Logo no primeiro dia, é dado a conhecer ao interno as leis que regem o comportamento da partícula quando esta atravessa um meio mais denso. São as leis da conservação física.

Essa espécie de script de configuração de rede com sua lista de direitos e deveres é tão extensa, que não existe impressa em nenhum lugar, senão na paranóia e na mente de quem chega. É como a experiência da origem dos paradigmas, já não são mais regras, mas infinitos paradigmas que se conectam em forma de lista encadeada e é possível que até colidam em algum ponto.

Aqueles pouco mais de 4 metros paralelepipedamente cúbicos eram divididos em miolo, coletivo e boi, conforme a ilustração:


O boi era o lugar onde no chão havia um pequeno buraco, na parede um registro e no teto um cano de onde a água pingava diretamente no buraco. Era nesse buraco que o sujeito deveria se concentrar caso quisesse manter o ciclo dos alimentos que ingere, momento esse que seria requintado pelo gotejar contínuo sobre a cabeça.

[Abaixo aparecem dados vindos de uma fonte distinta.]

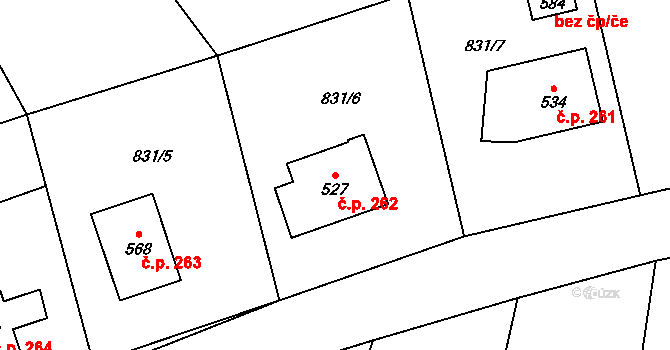 Havlovice 262 na parcele st. 527 v KÚ Havlovice, Katastrální mapa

Uma das regras de comportamento consistia em proibir qualquer pessoa de chamar aquele recinto delimitado por uma cortina de plástico pelo nome de banheiro. Para dizer a verdade, a maioria das regras se importavam mais com o que você vai dizer do que propriamente com que você vai fazer - mesmo porque no meio de tanta gente com tão pouco espaço, o que mais se faz é falar - já que não dá para se mexer muito.

Nesse tal regime que já se pode respirar - mas respire devagar - quem pensa que cadeia é lugar para rebeldes está muito enganado. Num completo declínio da auto-estima e num total desequilíbrio de forças, a mente precisa se manter no prumo. É como apostar corrida com uma colher na boca carregando um ovo, porém perneta na cordabambalevandoporradanacaraecegosurdoemudo. Será que esquecí alguma coisa?

Todos deslizam algum momento. Vou relatar apenas o meu primeiro deslize.

Esmerando-se ao máximo de todo o rigor da vigilância e disciplina, acolhí o pedido de um companheiro que sugeria a abertura do meu último pacote de cream-cracker. É válido salientar a lei que diz que, tudo quanto se divide, se divide por todos.

Pronunciar cream-cracker da forma correta/eu nunca perguntei/mas provavelmente também constituiria algum tipo de violação de morte. Atendi o pedido mas achei prudente acrescentar que seria bom guardarmos a metade para mais tarde, ou talvez, o dia seguinte.

Recordar-se desse momento me afugenta a força dos dedos porque, de fato se eu pudesse voltar no tempo eu devovaria aquelas palavras de volta e não as permitiria embarcar em gases, fezes, gemido nem coisa outra alguma serviria de transporte para que saísse do meu pensamento. De imediato, o sujeito mais bizarro e cascudo disponível naquela vernissage de bandidos devolve o pacote de biscoitos instantâneamente, justificando com a feiura de um rosto que nos meus dias mais amargos não conhecí: "Não é sem miséria? Então toma essa porra". E cuspiu do biscoito o que sobrara nos lábios.

O dia seguinte era dia de visita, dia em que entra a "sucata", ou melhor, as coisas que os parentes trazem aos presos.

Em torno de um sol quadrado, miséria é contra a lei.